The invention provides an air induction system or manifold for a multi-cylinder internal combustion engine, which is arranged in two parts, the first having portions of the induction passages for each cylinder formed therein, and the second attached to the first to form a housing therewith in communication with each of the induction passages, at least the first part being arranged so that it may be pressure die cast in manufacture.

Description

BACKGROUND OF THE INVENTION

In the design of an air induction system for internal combustion engines it is known, for instance by virtue of German patent specification No. 23 40 035, that special induction passages may be provided which connect a distributor housing with inlet ports of a cylinder head. The mounting of the induction passages on the distributor housing by means of bolts or other fixing means requires a great number of individual parts and considerable assembly time.
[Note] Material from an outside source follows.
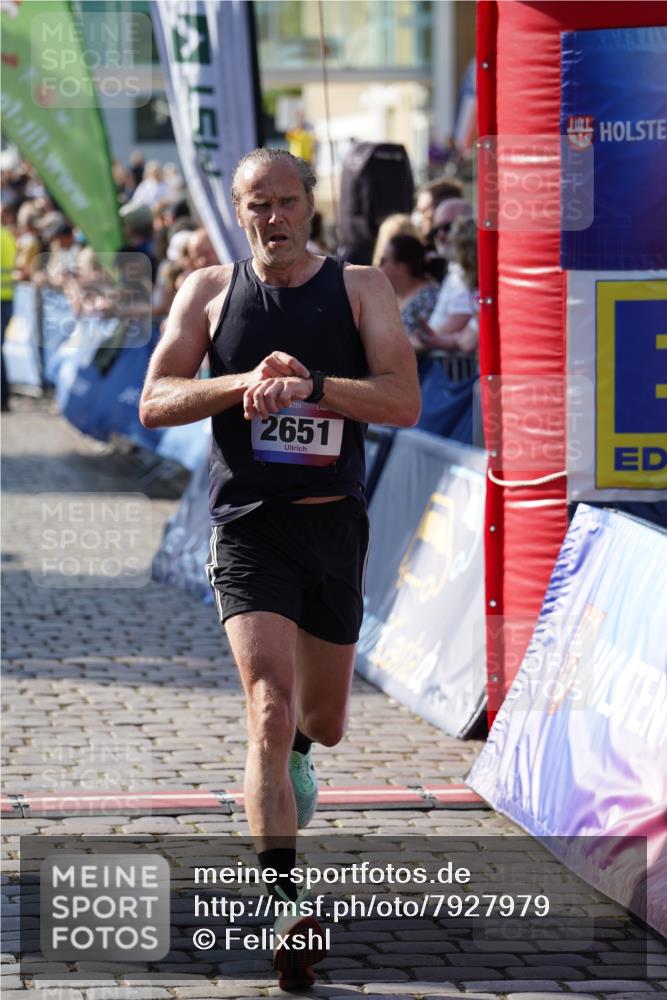 13.06.2025 - Holstenköstenlauf Felixshl http://msf.ph/oto/7927979 13.06.2025 17:52:06 Laufen 2651, 2709, 3581, 3929 meine-sportfotos.de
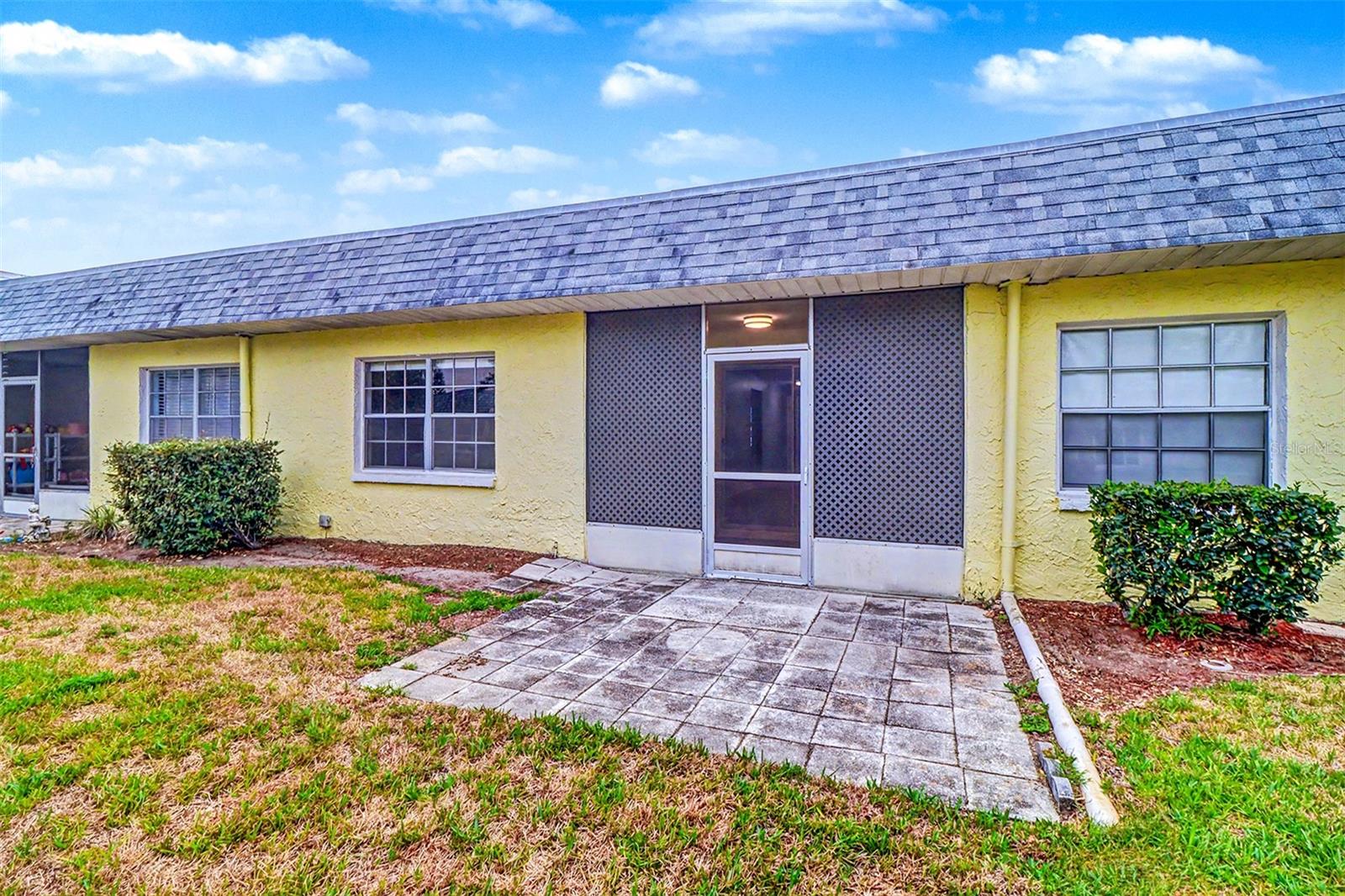 SEVEN SPGS VILLAS CONDO - Residential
The invention has as an object the improvement of such an air induction system thereby alleviating the aforementioned disadvantages, simplifying the design and construction of the air induction system and reducing the number of component parts and thus the building costs and assembly time.

SUMMARY OF THE INVENTION

The invention provides an air induction system for an internal combustion engine comprising a first part, a plurality of induction passage portions formed integrally with said first part for connection to respective inlet parts of the engine, and a second part joined to said first part to form therewith a distributor housing in communication with each of said induction passage portions.

It is indeed known for parts of the induction passages to be sand-cast in one piece with a distributor housing or a part thereof as for instance disclosed in U.S. Pat. No. 2,927,564. In contrast, the advantage of the invention resides in the fact that one part of the distributor housing can be produced by pressure die casting integrally with portions of the induction passages, while the other part or parts can be produced in each case in one piece, by the pressure die casting or permanent mold casting method from light metal or synthetic plastics material so that the entire air induction system consists of parts which can be rationally produced and connected. In this respect, the internal cross-section of the induction passages widening out towards one end or both, is not only of advantage in the casting of the part by permitting easy removal from the casting die, but is at the same time also advantageous to the operation of the air induction system because the internal cross-sectional pattern and thus the flow conditions therein can be tuned to the requirements of the particular type of internal combustion engine involved.

The pivoting together of those ends of the curved portions which discharge into the distributor housing makes it possible for the distributor housing to be tapered at least to one side, corresponding to the pivoted position of the portions, so that its design is particularly space-saving. In its longitudinal section, then, the distributor housing approximates the form of a triangle and can thus be better adapted to motor vehicles having bonnets which extend forwards in an obliquely downwards direction. If the curved portions are pivoted from both sides towards a middle transverse plane of the distributor housing, then this latter becomes approximately trapezoidal in cross-section.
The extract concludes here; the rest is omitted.